Just had one of those brain thingee's after reading the last post.

You can make the punch out of a Tool Steel and just use a carbide tip. We had a 1/4" dia. punch with a 1/4"x 1/4" carbide tip. Just make sure the punch is loaded axially if you should try this approach. We used this approach for many years make catalyst pellets from cobalt oxide in Stokes Pill Press.

 

[tripleZ]

I'll build on unclesyd's comment...if you go the way of carbide tips, use a sandwich braze such as Trimet. Steel and carbide have a different coefficient of expansion. The sandwich-style braze will offer a little give that standard silver solder will not.

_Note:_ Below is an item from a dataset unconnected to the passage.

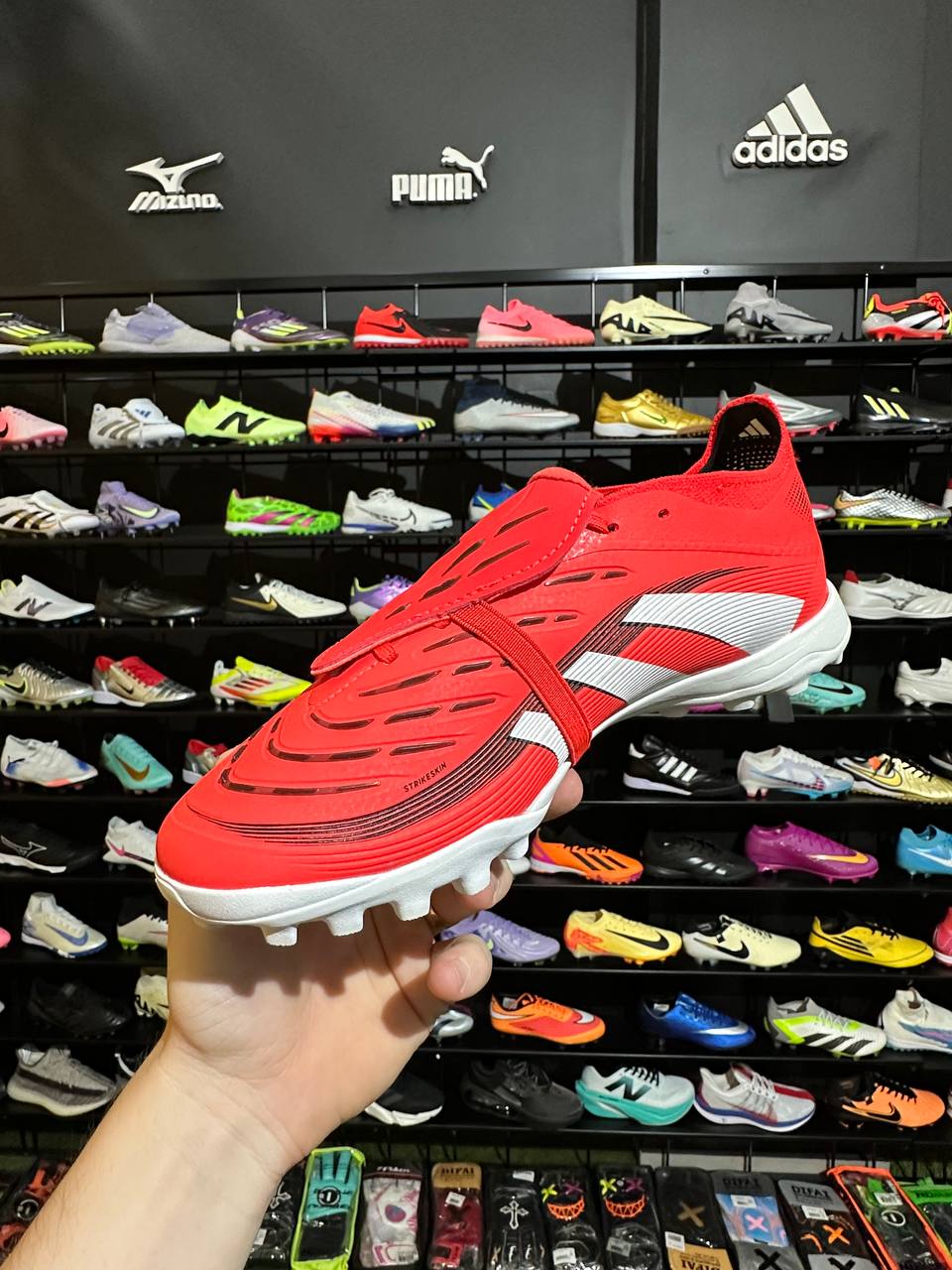 ADIDAS PREDATOR TF + BRINDE (PRONTA ENTREGA)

Make sure to put enough relief on the steel base to allow the braze to expand (0.008-0.010" per side usually works), and make sure to "ping" test the assembly after building to make sure the joint is sound.

Now for the long-winded response on alumina. I have some dies and punches that I use to coin/size powder metal parts after sintering for both part density and size qualification. These parts are high temp sintered, and often carry some alumina oxide with them into the coining tooling. If my operators over-salt the parts, I can wear out a carbide die in less than 80,000 cycles. 4140 will definitely NOT do the trick.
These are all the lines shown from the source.